Tesla Cars Keep More Data Than You Think

Tesla vehicles sent to the junk yard after a crash carry much more data than you'd think. According to CNBC, citing two security researchers, "Computers on Tesla vehicles keep everything that drivers have voluntarily stored on their cars, plus tons of other information generated by the vehicles including video, location and navigational data showing exactly what happened leading up to a crash." From the report: One researcher, who calls himself GreenTheOnly, describes himself as a "white hat hacker" and a Tesla enthusiast who drives a Model X. He has extracted this kind of data from the computers in a salvaged Tesla Model S, Model X and two Model 3 vehicles, while also making tens of thousands of dollars cashing in on Tesla bug bounties in recent years. Many other cars download and store data from users, particularly information from paired cellphones, such as contact information.

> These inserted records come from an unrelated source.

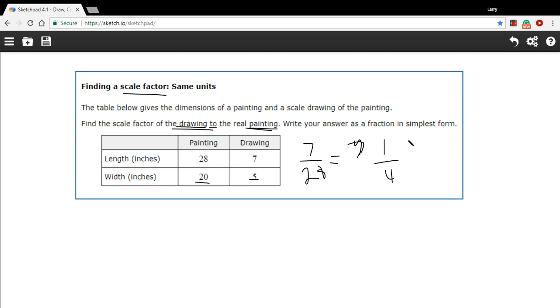And that's really all there is to figuring out a scale factor for a scale model. Thank you.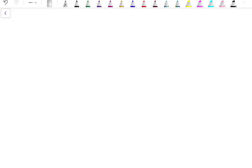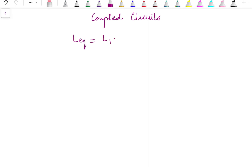Hello everyone, welcome back to the channel. In this video I am going to solve problems based on the coupled circuit. If you have watched the previous video, in that video I derived the expression for equivalent inductance when the mutually coupled inductors are connected in series or in parallel. The equivalent inductance is given as L1 plus L2 plus or minus 2M for series connection, where the plus sign is for cumulative connection and minus sign is for differential connection.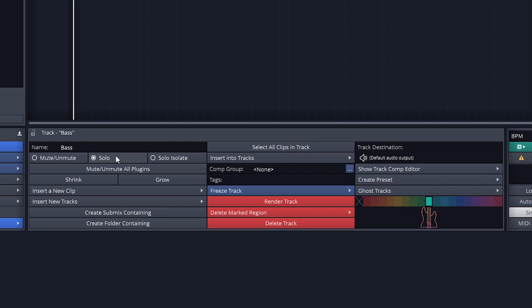We can use muting and soloing to change which tracks play, turning some on and off, and isolating others.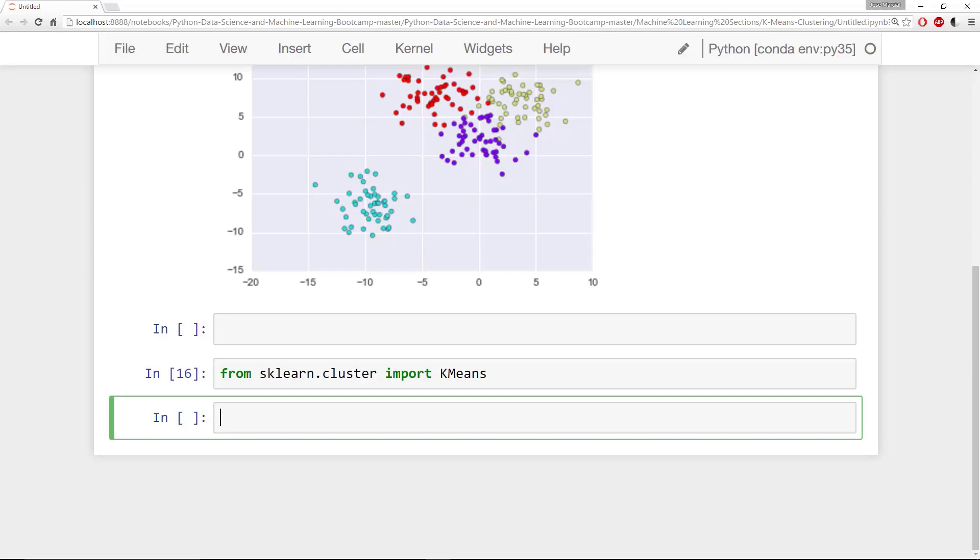And remember like I was saying k-means is unsupervised. And this algorithm is going to just start off by randomly assigning each observation to a cluster and then finds the centroid of each cluster. And the algorithm will iterate through the two steps. Remember it reassigns data points to the cluster whose centroid is closest. It calculates the new centroid for each cluster. And then it just repeats that over and over again until the cluster variation can't be reduced any further.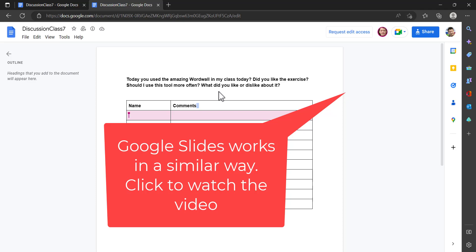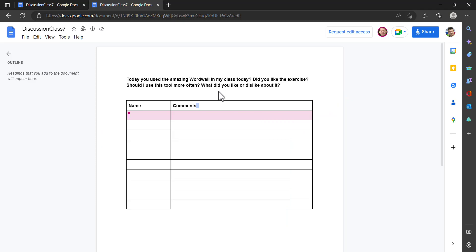One great thing about Google Docs is that when you learn it, Google Slides is very similar. Google Slides works a bit like PowerPoint but students can collaborate, add pictures and text, comment, or only view or edit. If you want to learn how to use Google Slides, there's a video on the screen now that will take you through it.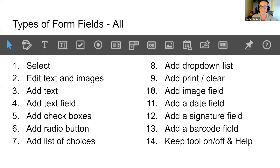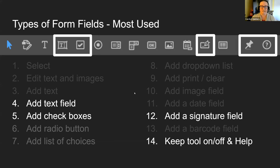Really, there are only three form fields you're going to use: add text field, add checkboxes, and add signature field. Potentially the Keep Tool on/off and Help as well. The reason is that these are the only fields that work for both an electronic document and a print document.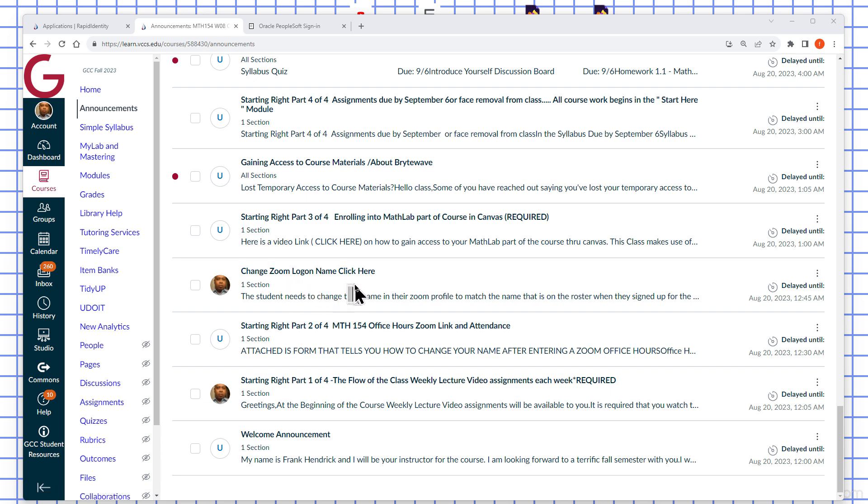I want to take a look at a topic here called changing your Zoom login name. Why that's important.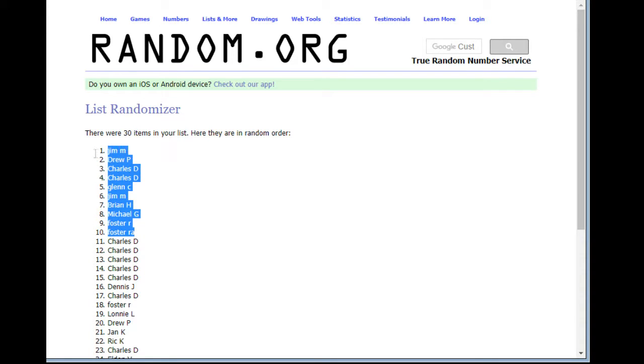So we got Jim M going to get $10. Drew P, Charles D, a couple. Glenn C, Jim M again. Brian H, Michael G, Foster R going to get it there, too.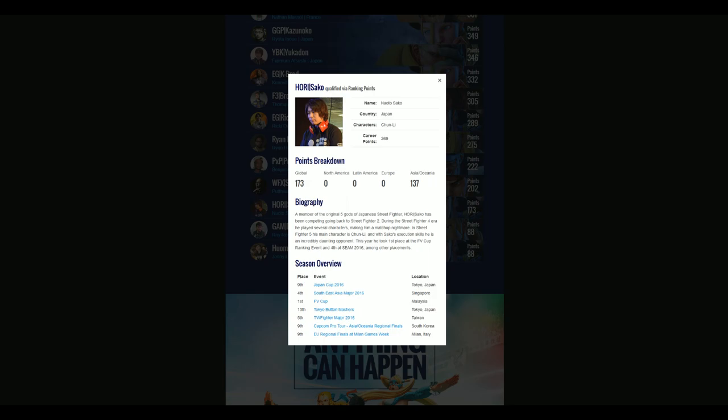This match is really a toss-up. I really have no idea who will win. Personally, I favor Justin because I love Justin, but it's a close match. No idea who's gonna take it.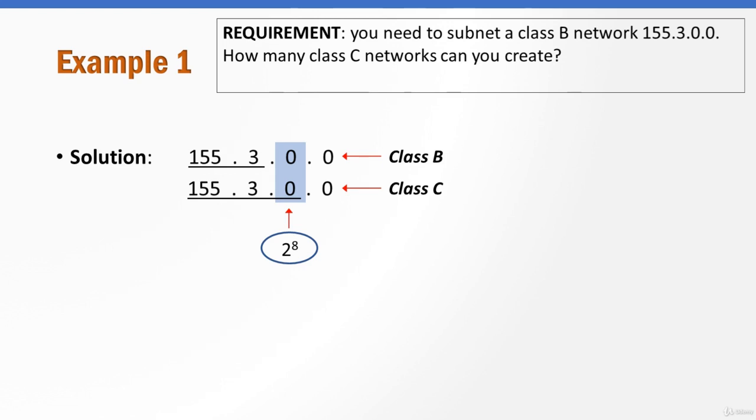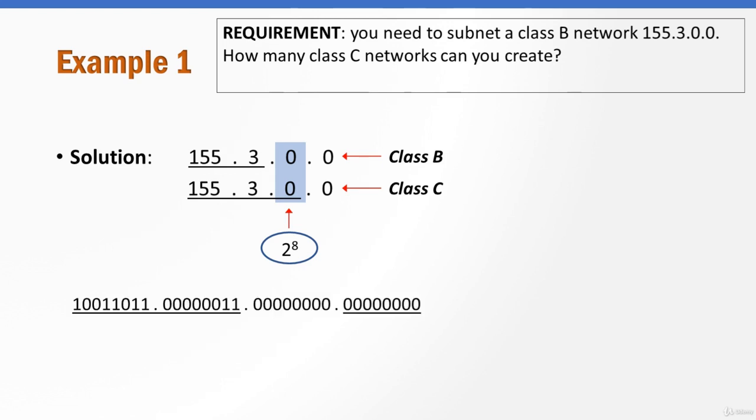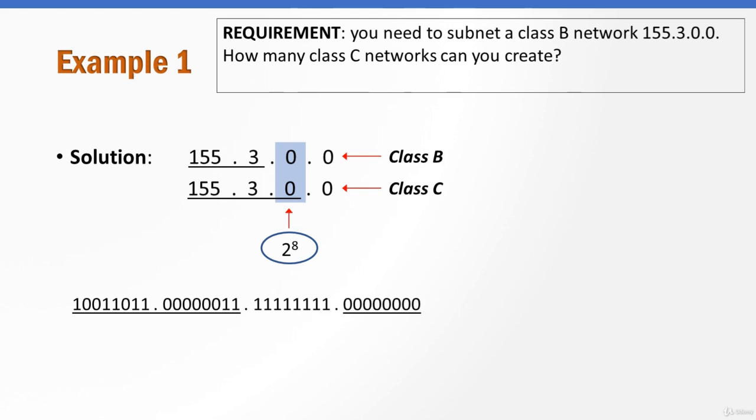If we try and do the same thing we did in the previous example and go from the first subnet to the last subnet, it's going to look something like this. So the third octet, or our subnet portion, is going to go from zero to one, two, three, four, etc., and then when it's up to all ones, that's 255, and that is our last C network or C subnet in this example.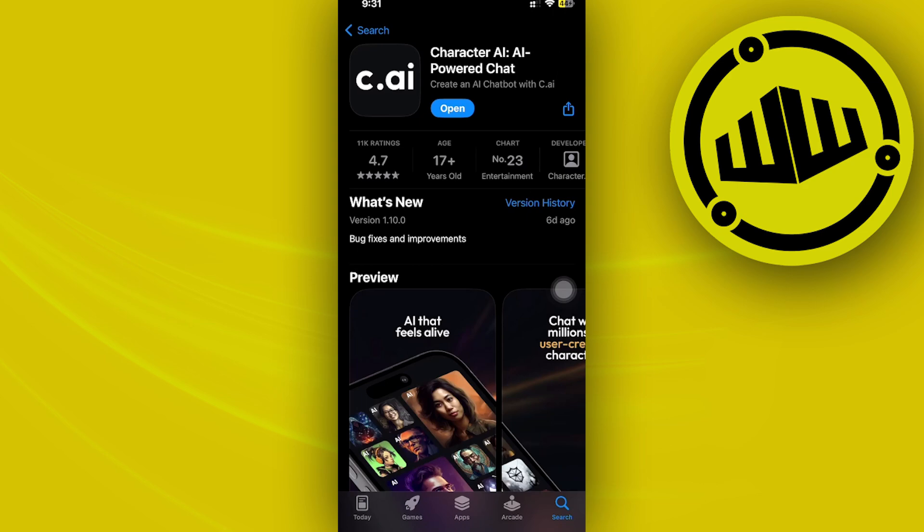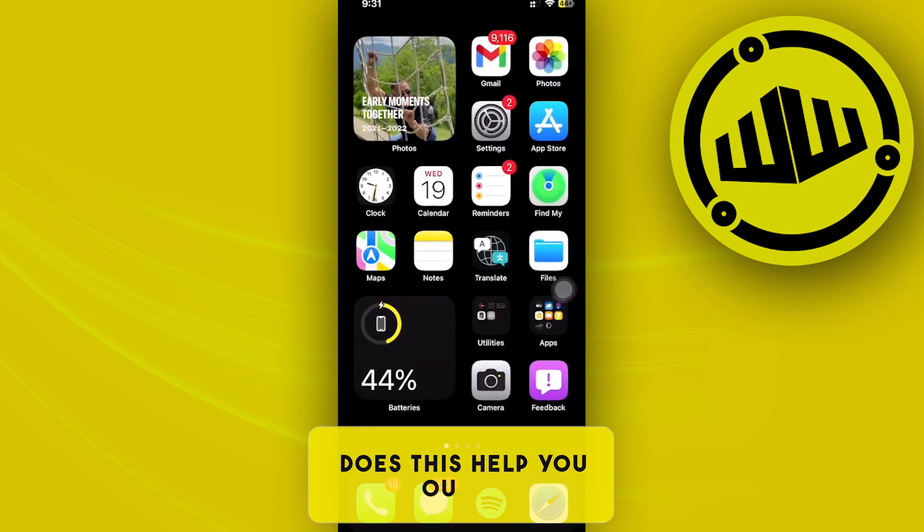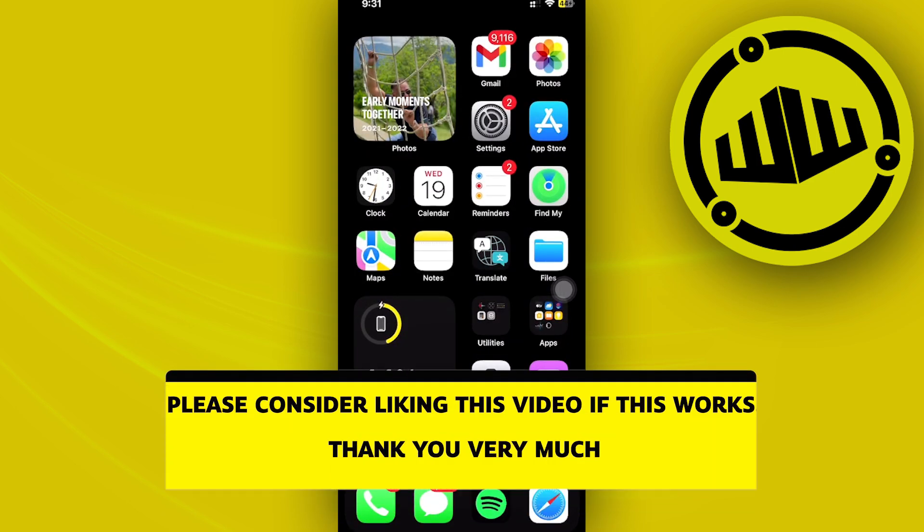Essentially, that is all for this video. Thank you for watching. Please like and subscribe and take care.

But the researchers' findings highlight how Tesla is full of contradictions on privacy and cybersecurity. On one hand, Tesla holds car-generated data closely, and has fought customers in court to refrain from giving up vehicle data. Owners must purchase $995 cables and download a software kit from Tesla to get limited information out of their cars via "event data recorders" there, should they need this for legal, insurance or other reasons. At the same time, crashed Teslas that are sent to salvage can yield unencrypted and personally revealing data to anyone who takes possession of the car's computer and knows how to extract it. The contrast raises questions about whether Tesla has clearly defined goals for data security, and who its existing rules are meant to protect. A Tesla spokesperson said in a statement to CNBC: "Tesla already offers options that customers can use to protect personal data stored on their car, including a factory reset option for deleting personal data and restoring customized settings to factory defaults, and a Valet Mode for hiding personal data (among other functions) when giving their keys to a valet. That said, we are always committed to finding and improving upon the right balance between technical vehicle needs and the privacy of our customers."

The report serves as a reminder for Tesla owners to factory reset their cars before handing them off to a junk yard or other reseller because that other party may not reset your car for you. "Tesla sometimes uses an automotive auction company called Manheim to inspect, recondition and sell used cars," reports CNBC. "A former Manheim employee, who asked to remain anonymous, confirmed that employees do not wipe the cars' computers with a factory reset."

The researchers were able to obtain phonebooks "worth of contact information from drivers or passengers who had paired their devices, and calendar entries with descriptions of planned appointments, and e-mail addresses of those invited." The data also showed the drivers' last 73 navigation locations, as well as crash-related information. The Model 3 that one of the researchers bought for research purposes contained a video showing the car speeding out of the right lane into the trees off the left side of a dark two-lane route. "GPS and other vehicle data reveals that the accident happened in Orleans, Massachusetts, on Namequoit Road, at 11:15 pm on Aug 11, and was severe enough that airbags deployed," the report adds.

I assume they keep everything

[joe_frisch]

Same as I assume for all new technology. Motion, video, voice etc. If it has a sensor, I assume its probably being recorded.

Re:I assume they keep everything

[apoc.famine]

Right? Fuck the editors who write these headlines, fuck their supervisors who don't fire them, fuck the submitter for including them, and fuck the /. editors for just rubber stamping shit like this.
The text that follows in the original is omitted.